Will I be able to "down-shift?" I live in the foothills above Boulder, CO and the ability to "in-effect" use a mechanism similar to shifting down in a manual transmission car will save replacing my brakes on a yearly basis. My Prius has a very poor version of this and it drives me nuts. My manual transmission Tacoma "winter-truck" is wonderful; never have to use the brakes on my 2000' decent into Boulder.
The Aptera Forum
There may be adjustable regenerative braking levels without needing to press the brake pedal.
The vehicle will probably have blended braking. So you just press the brake pedal to control it up until a point where hydraulic brakes assist
You can't down shift if it doesn't have a transmission with gears. It will certainly have regenerative braking.
Read the question carefully. I'm very familiar with a CVT as I've been driving cars with them since 2000. With that said, for example, the Toyo Rav4 Hybrid, has a CVT that "one" is able to downshift while going down hill to save on braking; which when "one" descends 2000' in about 4.5 miles is really nice; brakes don't overheat, brakes don't ware out in 50,000 miles etc.
The Prius has a CVT, that has a one size fits all and works poorly.
With that said, let me simplify the question for you: Will Aptera design a CVT that has the option to adjust its gear down?

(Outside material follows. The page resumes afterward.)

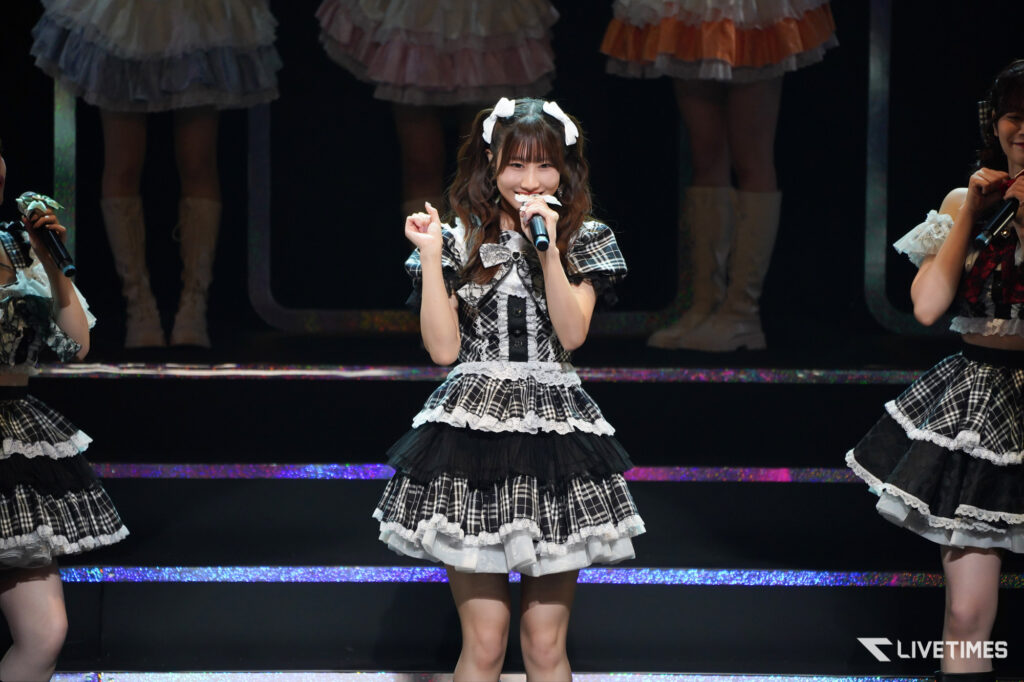 Center-stage female singer in a black-and-white plaid dress with lace trim, holding a microphone and smiling; backup dancers in matching outfits on a dark stage behind her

I'll point out my operative language to focus your attention... "a mechanism similar to shifting down in a manual transmission".
@paul , CVT is a type of transmission (gear shift mechanism). Electric motors have sufficiently have very wide torque bands so electric vehicles don't need variable gear ratios.
From the Aptera FAQ:
"Aptera will offer regenerative braking...adjustable levels in 3 or 4 settings, from off to very heavy regen braking."
If you like your Tacoma going down the mountain you will love how an electric vehicle feels going down a long hill. The regen braking essentially does the same thing as downshifting with the added benefit of getting back some energy into the batteries. With the multiple levels of regen, you'll probably find a way to be able to essentially coast down the mountain using the different levels of regen almost like gears. In a light aerodynamic vehicle like the Aptera, it will probably feel almost like gliding..
On a side note, I'd love to see an analogue slider/trigger type of control for the regen where you could 'dial it in' a lot better than with just several levels of presets like Aptera is considering doing.
One issue with regenerative braking at least on Toyo's is that once the battery in the Hybrid is fully recharged the regenerative braking "stops" braking and one has to rely on the disc brakes. Out west in the mountains that kills discs and pads.
At Pikes Peak there's a road stop half way down where one has to stop and the heat of your disc brake is measured; overheated, and one is diverted for a 10 minute cool down; no exceptions. Every time I driver my Prius down even in "B" I have to pull over to let my brakes cool.
Wife's Rav4 Hybrid with the ability to select different levels of "gear-down" on the CVT not a problem.
@paul I don't think you will have these types of issues with full BEVs since the reservoir in the battery is so much larger...rarely will you be 'regenning' so much that you get close to full battery levels where the regen capability starts to diminish/disappear even in an extreme environment like Pikes Peak.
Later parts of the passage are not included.